Written by Jerry Engler Wednesday, 30 April 2008 05:52
The northern half of Marion County endured a crushing storm of rain and hail Wednesday, April 23, that led to sand bagging in Durham, a huge set-back to the county’s road program, and a 3.5-foot rise in the level of Marion Reservoir.
Rain amounts were reported up to 6 inches across a wide area, with especially high concentrations along the North Cottonwood River.
Glennon Crowther, mayor of Durham, said the fire department crew led volunteers at placing sand bags in front of businesses on Main Street to protect them from the North Cottonwood’s waters.
He said the volunteers reported river water over the tops of their boots at Main Street Cafe while at G&R Implement Co. further south it was reported at 18 inches deep.
The cafe suffered most of the significant damage in town with water seeping through the north wall cement-block construction in what used to be the town library. The south part of the building was undamaged, and will be used to keep the business open while the north half is repaired, Crowther said.
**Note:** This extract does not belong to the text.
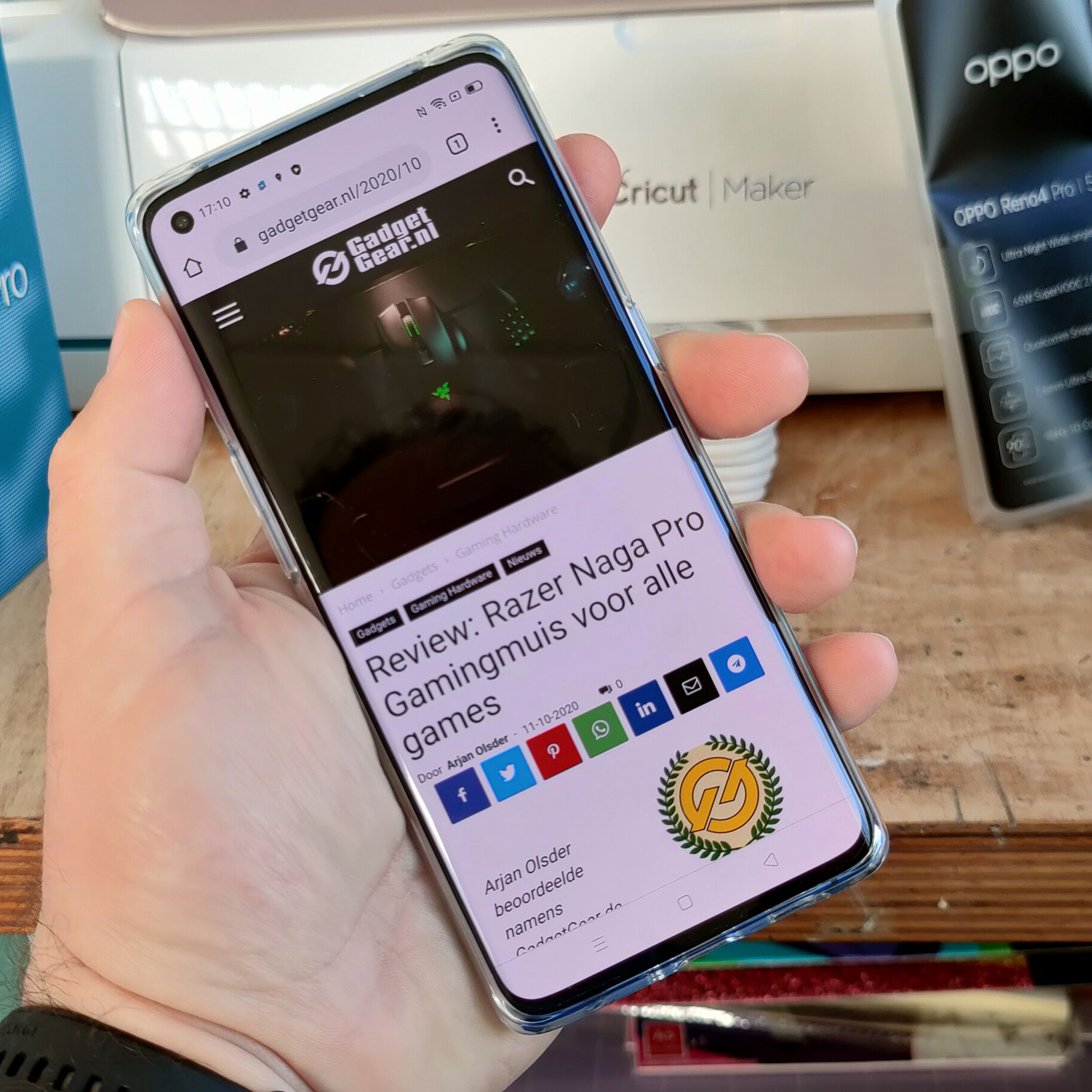 Oppo Reno4 Pro 5G Display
Some drywall and carpet will need to be replaced in the north half, he said.
“It was the Cottonwood from west of town that did it,” Crowther said. “The farmers west of town were reporting 5.5 to 6 inches of rain. Here in town we were at 4.5. We’re lucky the tributary streams from Roxbury south to Canton didn’t get it like that because that all comes through here.
“We started sandbagging from 4:30 to 5 p.m., and got done by 6 p.m. or a little after,” he added. “The Cottonwood River was in town coming down Main Street by 7 p.m.
“We had a high loader from the grain elevator in here helping us load the sand bags back up this morning (Monday). We’ll save them through this summer, but they’ll rot, and not be worth anything after that.”
He said the last time the town had to sandbag was 10 years ago.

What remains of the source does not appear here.